Rabbi Howard A. Berman is Founding Rabbi of Central Reform Temple. He is also Rabbi Emeritus of Chicago Sinai Congregation, Chicago’s historic center of liberal Reform Judaism, having served as Senior Rabbi since 1982.
He was born in Fair Lawn, New Jersey, where he received his early religious and general education. After attaining his undergraduate degree in European History from the Universities of Cincinnati and London, England, he studied for the Rabbinate at the Leo Baeck College in London, the Hebrew University in Jerusalem, and the Hebrew Union College in Cincinnati, where he received the degree of Master of Hebrew Letters and was ordained in 1974. He has also pursued graduate studies in American Religious History at the University of Chicago Divinity School and the Chicago Theological Seminary, and studied Architectural History at Trinity College, Hartford, Connecticut. In 1999 he was awarded the degree of Doctor of Divinity by the Hebrew Union College-Jewish Institute of Religion.
As a student, Rabbi Berman served Reform Congregations in London and Brussels, as well as in Baltimore; Petoskey, Michigan; and Rapid City, South Dakota. He also served as a Youth Group Advisor for the World Union of Progressive Judaism in Amsterdam, and as Assistant Dean of Admissions for the Hebrew Union College. After his ordination, Rabbi Berman was appointed Assistant Rabbi of Temple Emanu-El, New York City, where he served for five years. While in New York, he founded “The Levites,” an interfaith clergy fellowship of assistant rabbis, priests and ministers. From 1979-1981, he was Associate Rabbi of Temple Beth Israel, West Hartford, Connecticut.

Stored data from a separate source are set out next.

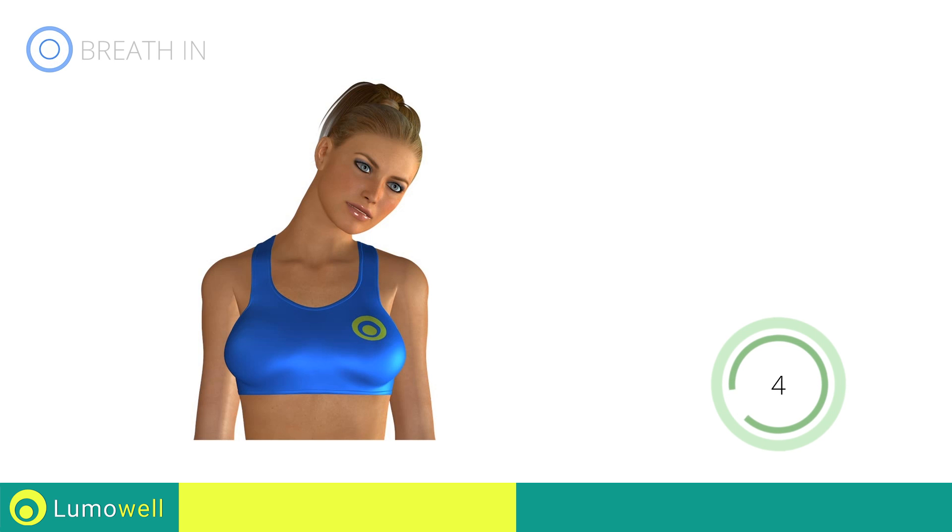Don't turn your head — you can help by looking at a fixed point in front of you. 5, 4, 3, 2, 1, stop.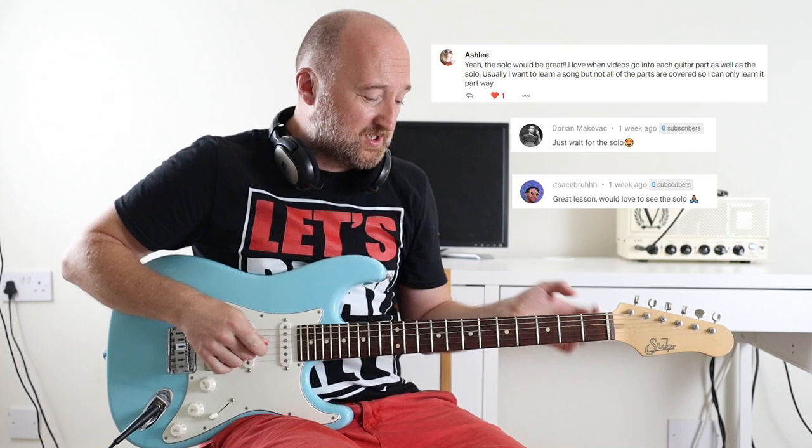Well hello there and welcome back. As promised this is a follow-up lesson for the solo for Smashing Pumpkins' Cherub Rock. Loads of you liked that one, so thank you very much to everyone who watched and thanks to everyone who requested this. You're all up here now so true to my word I am sorting it out and we're going to run through it, so let's do it.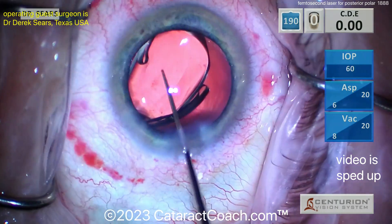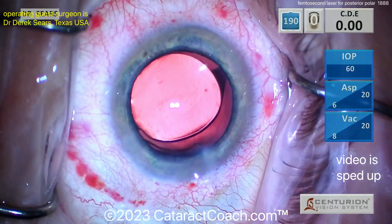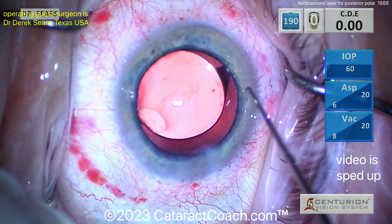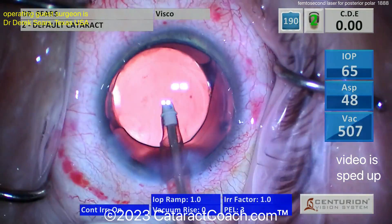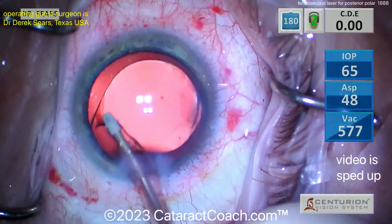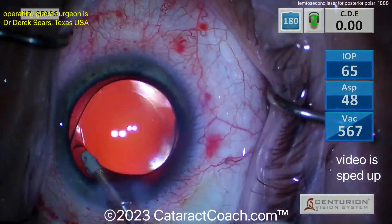Beautiful work here, doctor — I appreciate you sending the video in. We have a huge collection of posterior polar videos, a tremendous number. Now opening up the corneal astigmatic incisions that were created with the femtosecond laser, using a Sinskey hook to do that, and now taking the viscoelastic out.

Rabbi Berman has been active in various religious and civic organizations both locally and nationally. In 1986, he was appointed by the late Mayor Harold Washington to the Chicago Peace Conversion Commission, charged with drafting and enforcing the city’s Nuclear Free Zone Ordinance. From 1989-1996, he served on the faculty of the Lutheran School of Theology in Chicago, and has also served on the Social Action Committee of the Chicago Board of Rabbis; the AIDS Pastoral Committee of the Council of Religious Leaders in Chicago; and the Leadership Council of the Howard Brown Memorial AIDS Clinic. From 1992-1996, Rabbi Berman represented the Chicago Jewish community on the Metropolitan Task Force of the Council for the World Parliament of Religions, and served on the Board of Directors of Planned Parenthood of Chicago from 1994-1996. In addition, he has been an annual contributor to the World Book Encyclopedia Year Book as editor of its articles on Judaism.
With his decision to move to Boston in 1997, he became Rabbi Emeritus of Chicago Sinai Congregation. Currently, he is active in a variety of civic and interfaith organizations in Boston. He was the Founding Co-Chair of the Religious Coalition for the Freedom to Marry in 1997, and has regularly officiated at the annual Gay Pride Service at the New England Holocaust Memorial. As part of the partnership between BJS and Emmanuel Church, Rabbi Berman serves as “Rabbi in Residence” of the parish, preaching monthly at its Sunday worship. Rabbi Berman also serves as Executive Director of the Society for Classical Reform Judaism, a national organization dedicated to promoting the historic liberal principles and distinctive worship traditions of the American Reform Movement. He lectures at congregations throughout the country on behalf of the SCRJ, and teaches regularly at Hebrew Union College, the major seminary of Reform Judaism, at its campuses in Cincinnati and Jerusalem.
Rabbi Berman’s avocational interests include the study of American history, architectural history and the collecting of contemporary art and rare books. He is an active patron and collector of the Cape Cod Impressionist art tradition. He lives in downtown Boston with his husband Steven. They were among the very first couples married in Massachusetts following the victory of marriage equality in 2004. They are the proud parents of their adored Shih Tzu “twins,” Melvin and Theodore.